Required action:
What is needed is an exact retyping of the records below, from the first line through the line that contains "Компьютер HP ProDesk".

Provided information:
************

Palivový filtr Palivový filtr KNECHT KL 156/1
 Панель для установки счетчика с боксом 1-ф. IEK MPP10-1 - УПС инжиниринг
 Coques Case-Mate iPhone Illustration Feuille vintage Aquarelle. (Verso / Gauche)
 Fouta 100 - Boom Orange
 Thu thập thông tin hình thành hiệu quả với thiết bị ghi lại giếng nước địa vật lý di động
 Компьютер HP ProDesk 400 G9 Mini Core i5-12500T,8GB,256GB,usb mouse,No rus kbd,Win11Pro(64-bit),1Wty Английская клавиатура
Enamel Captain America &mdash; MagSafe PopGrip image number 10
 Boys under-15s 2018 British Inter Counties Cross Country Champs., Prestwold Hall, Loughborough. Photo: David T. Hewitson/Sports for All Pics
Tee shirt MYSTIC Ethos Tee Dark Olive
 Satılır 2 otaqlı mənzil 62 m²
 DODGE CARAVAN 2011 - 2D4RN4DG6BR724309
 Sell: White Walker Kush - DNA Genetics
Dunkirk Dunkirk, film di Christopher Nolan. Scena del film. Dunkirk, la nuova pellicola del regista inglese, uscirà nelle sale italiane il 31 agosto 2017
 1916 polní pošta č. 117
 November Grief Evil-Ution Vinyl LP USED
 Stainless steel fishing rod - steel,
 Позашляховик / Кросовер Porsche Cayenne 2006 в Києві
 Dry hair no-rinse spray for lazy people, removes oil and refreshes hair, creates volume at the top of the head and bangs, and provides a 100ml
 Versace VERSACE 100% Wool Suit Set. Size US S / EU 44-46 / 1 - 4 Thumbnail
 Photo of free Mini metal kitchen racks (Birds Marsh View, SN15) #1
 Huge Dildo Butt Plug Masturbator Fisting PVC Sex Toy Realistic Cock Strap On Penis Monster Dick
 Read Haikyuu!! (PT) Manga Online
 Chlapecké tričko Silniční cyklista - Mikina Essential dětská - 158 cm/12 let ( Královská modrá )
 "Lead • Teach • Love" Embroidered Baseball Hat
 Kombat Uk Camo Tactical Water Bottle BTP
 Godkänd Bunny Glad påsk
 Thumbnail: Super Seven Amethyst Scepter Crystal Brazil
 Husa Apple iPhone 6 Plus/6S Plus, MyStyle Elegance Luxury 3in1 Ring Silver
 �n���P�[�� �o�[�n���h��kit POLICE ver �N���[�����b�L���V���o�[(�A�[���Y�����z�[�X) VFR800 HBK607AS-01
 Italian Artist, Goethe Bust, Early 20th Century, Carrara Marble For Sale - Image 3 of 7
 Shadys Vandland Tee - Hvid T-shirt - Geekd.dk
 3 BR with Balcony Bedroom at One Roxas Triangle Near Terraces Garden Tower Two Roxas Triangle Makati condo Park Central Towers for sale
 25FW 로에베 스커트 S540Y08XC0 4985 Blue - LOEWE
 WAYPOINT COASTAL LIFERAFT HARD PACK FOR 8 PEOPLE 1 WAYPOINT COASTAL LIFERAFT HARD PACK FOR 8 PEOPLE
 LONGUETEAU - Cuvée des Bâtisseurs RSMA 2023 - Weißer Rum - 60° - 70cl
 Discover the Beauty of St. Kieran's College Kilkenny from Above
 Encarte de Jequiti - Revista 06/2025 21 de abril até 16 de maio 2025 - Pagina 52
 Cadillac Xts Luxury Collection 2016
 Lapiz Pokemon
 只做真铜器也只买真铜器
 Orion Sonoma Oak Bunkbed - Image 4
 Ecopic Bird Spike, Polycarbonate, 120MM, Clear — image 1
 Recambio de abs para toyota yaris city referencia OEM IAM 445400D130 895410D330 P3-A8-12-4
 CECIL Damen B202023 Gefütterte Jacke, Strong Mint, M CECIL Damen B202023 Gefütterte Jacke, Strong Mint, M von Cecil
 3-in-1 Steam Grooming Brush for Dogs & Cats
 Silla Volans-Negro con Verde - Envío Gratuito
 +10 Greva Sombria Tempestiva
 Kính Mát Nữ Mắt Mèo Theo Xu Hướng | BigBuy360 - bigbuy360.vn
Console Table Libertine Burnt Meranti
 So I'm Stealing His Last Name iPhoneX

************

Expected answer:
Palivový filtr Palivový filtr KNECHT KL 156/1
 Панель для установки счетчика с боксом 1-ф. IEK MPP10-1 - УПС инжиниринг
 Coques Case-Mate iPhone Illustration Feuille vintage Aquarelle. (Verso / Gauche)
 Fouta 100 - Boom Orange
 Thu thập thông tin hình thành hiệu quả với thiết bị ghi lại giếng nước địa vật lý di động
 Компьютер HP ProDesk 400 G9 Mini Core i5-12500T,8GB,256GB,usb mouse,No rus kbd,Win11Pro(64-bit),1Wty Английская клавиатура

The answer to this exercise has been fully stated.